New Tools Provide Better Data & Industry Insight

With new options that grow with the demand, small owner/operator contractors can use tools previously only available at an enterprise level. An HDD owner/operator contractor now has at his fingertips the ability to maintain databases of equipment, tooling preferences, and purchases. With the ability to save users in a single account and grant permissions to those users, the new HDD eCommerce account has become a business hub with enterprise-like power. Accessing invoices, receipts, shipments, custom product lists, and other data over time also gives contractors the ability to see trends or forecast costs for free. Once only more extensive operations had that ability through costly software to manage it all.

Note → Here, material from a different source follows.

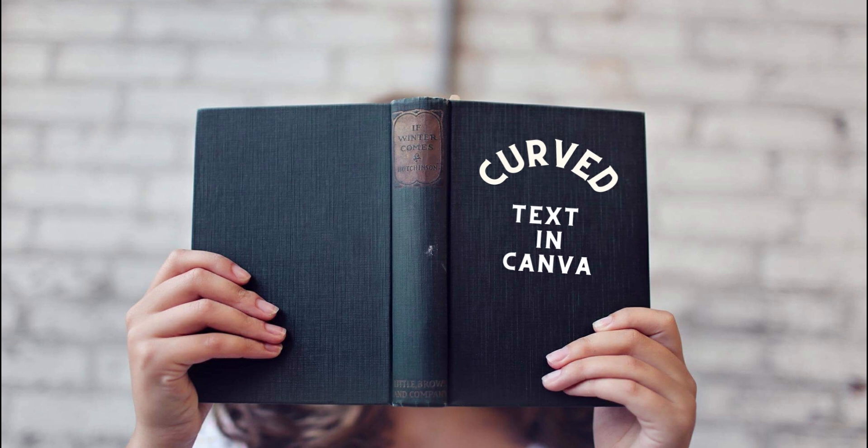But the only thing that I couldn't do on Canva was to create a curved text. Now when you're creating book covers for KDP, curved text is a really useful thing because it just makes your design stand out. If you have a book title for example on your book where before we could only have book titles that were straight, it's okay, but to have a little curved book title just elevates your design to a new level.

The other side of this is the impact of the adoption of eCommerce and other new software within the more excellent construction industry umbrella. ENR reports, "the widespread adoption of new software and construction technology is the growing inventory of privately sourced construction data that offers the kind of up-to-the-minute, granular data that economists who follow the industry have long hoped for." Not only is technology expediting contractor insight into their own business, but also into the entire industry.

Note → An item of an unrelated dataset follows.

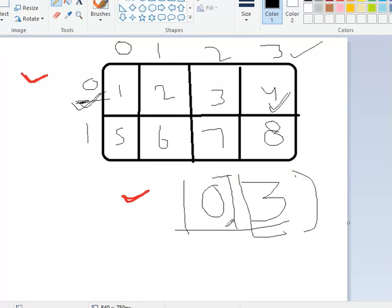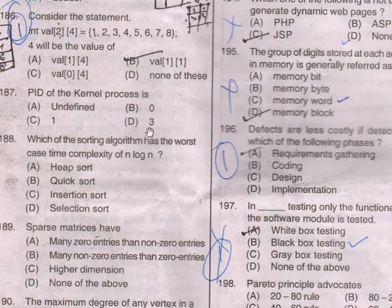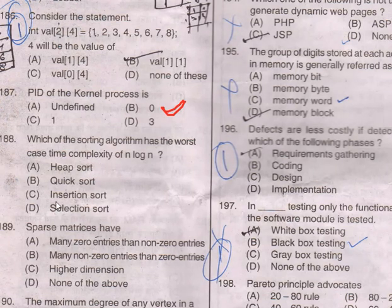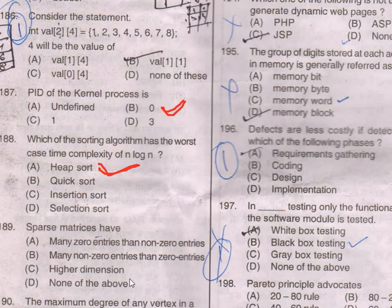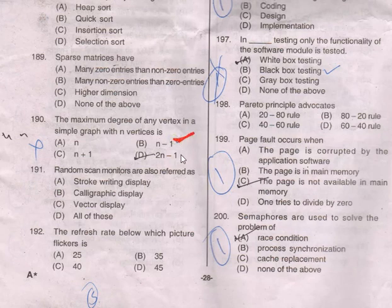Question 187: the PID of the kernel process is option B — 0. Question 188: which sorting algorithm has the worst case time complexity of O(n log n)? That is option A — Heap Sort. Question 189: sparse matrices have option A — many more zero entries than non-zero entries. Question 190: the maximum degree of any vertex in a simple graph with n vertices is option B — n minus 1.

2020 Expedites eCommerce Adoption

“We’ve seen that buyers are becoming more comfortable with purchasing equipment online, a trend that was already growing in popularity prior to the pandemic,” says Nick Stalcup, head of heavy equipment, parts, and attachments, at eBay. 

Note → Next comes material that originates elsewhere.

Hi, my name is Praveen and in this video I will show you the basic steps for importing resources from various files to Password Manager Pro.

Getting information, tools, and equipment is much more difficult when face to face interaction is limited if there is no online tool to fill that gap. Still, OEM distribution has been reluctant to institute direct-to-buyer sales in fear of angering their distribution channels. JLG recently made the bold stance to prioritize end users and start selling directly online, intended to disrupt the construction industry's aerial lift sector. Melfred Borzall's decision to sell directly to end-users via the website and fulfill through smart-routing to the buyer's nearest distributor has enabled many HDD contractors to remain in operation despite many face-to-face restrictions at the moment. This method requires smart-technology that disrupts how the HDD industry sells tooling to large and small contactors.

Howard Hawk, president of bidadoo says, “Ten to 15 years ago, people were very reluctant to trust that level of e-commerce. People would buy smaller items, but they really didn’t have the trust to transact… hundreds of thousands of dollars on a piece of equipment. But now we’ve seen that’s kind of commonplace.”

The pandemic expedited user involvement due to necessity and has thrust them over the mental hurdle of habit. Now distribution spends more time on local support and relationships as non-value-add activities are reduced. This model is not an anomaly, but actually conforming to cross-industry B2B eCommerce trends as total U.S. sales are showing signs of growing 10% in the 2nd quarter of 2020 to $1.43 trillion. eCommerce is quickly becoming the new commerce of the mainstream. You are no longer an early adopter at this point, but further hesitation in embracing it, may soon turn your company into an antiquated laggard, but more importantly, losing out on production and efficiency gains that are there for the taking.